Chronik | Welt
07.07.2017

Spaghettimonster-Kirche droht Niederlage vor deutschem Gericht

Bei ihren sogenannten Messen, die in Templin an jedem Freitagvormittag stattfinden, verzehren die sich selbst als Pastafaris bezeichnenden Anhänger gemeinsam Nudeln und Bier. Gericht soll entscheiden, ob es sich dabei um eine Weltanschauungsgemeinschaft handelt.

Den Jüngern des Spaghettimonsters droht im Streit um die Werbung für ihre Messen vermutlich eine juristische Niederlage. Bei der Verhandlung am Freitag vor dem Oberlandesgericht ( OLG) deuteten die Richter Zweifel an, dass die Kirche des Fliegenden Spaghettimonsters eine Weltanschauungsgemeinschaft wie die christlichen Kirchen sei und deshalb Schilder zu Messen am Ortseingang aufstellen dürfe.

Die Richter in Brandenburg an der Havel verwiesen in diesem Zusammenhang auf die Satzung der Nudelgläubigen.
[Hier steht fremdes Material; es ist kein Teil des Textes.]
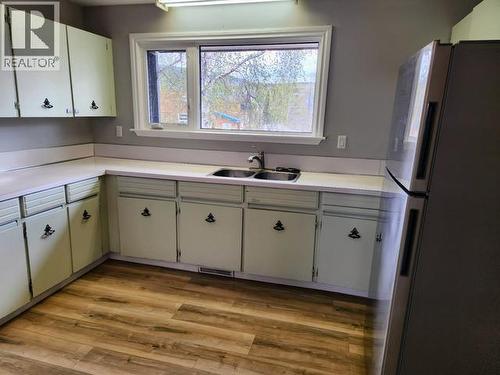 116 Kitza Avenue, Faro, YT - Indoor Photo Showing Kitchen With Double Sink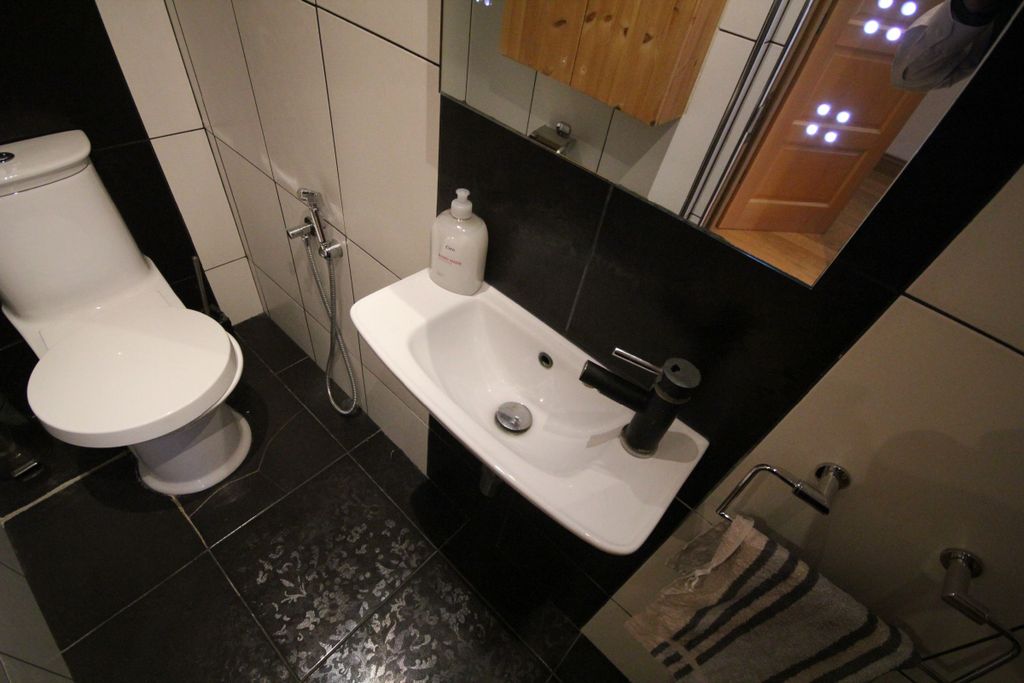 Property photo 3 of 22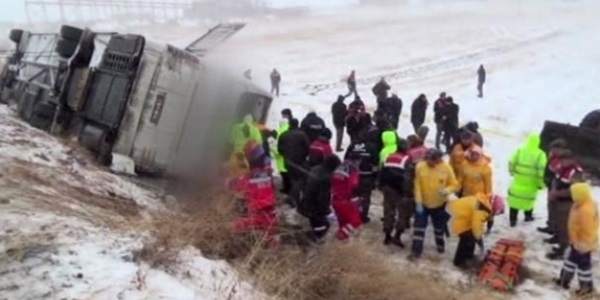 Kırşehir'de 2 otobüs daha devrildi: 57 yaralı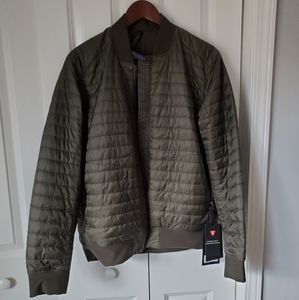 Nwt lululemon switch over bomber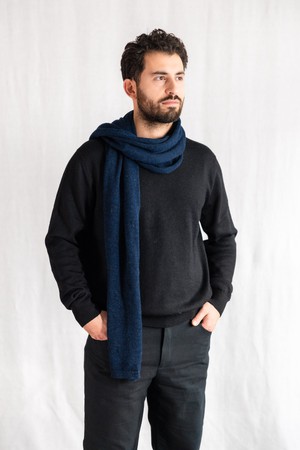 Baby-Alpaka Schal Paracas Navy from Jyoti - Fair Works Baby-Alpaka Schal Paracas Navy from Jyoti - Fair Works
Demnach gehe es ihnen vor allem um die Ablehnung intoleranter religiöser Überzeugungen mit Mitteln der Satire. Dies spreche womöglich gegen eine Weltanschauungsgemeinschaft. Das Urteil des OLG soll am 2. August verkündet werden.

Wurzel in USA, Alm in Österreich

Die Kirche des Fliegenden Spaghettimonsters hat ihre Wurzeln in den USA. Sie entstand im Jahr 2005 aus Protest gegen die gleichwertige Behandlung von Evolutionstheorie und der biblischen Schöpfungslehre im Schulunterricht als konkurrierende wissenschaftliche Wahrheiten. In Deutschland hat die Kirche mehrere tausend Anhänger und macht sich für Förderung und Anerkennung der Wissenschaften stark. In Österreich wurde sie durch den ehemaligen NEOS-Mandatar Niko Alm bekannt, dem 2011 ein Führerschein mit einem Nudelsieb auf dem Foto als "religiöse Kopfbedeckung" genehmigt worden war.

Bei ihren sogenannten Messen, die in Templin an jedem Freitagvormittag stattfinden, verzehren die sich selbst als Pastafaris bezeichnenden Anhänger gemeinsam Nudeln und Bier. Ihrer Glaubenslehre nach erwartet sie das Spaghettimonster im Himmel u.a. mit einem Biervulkan.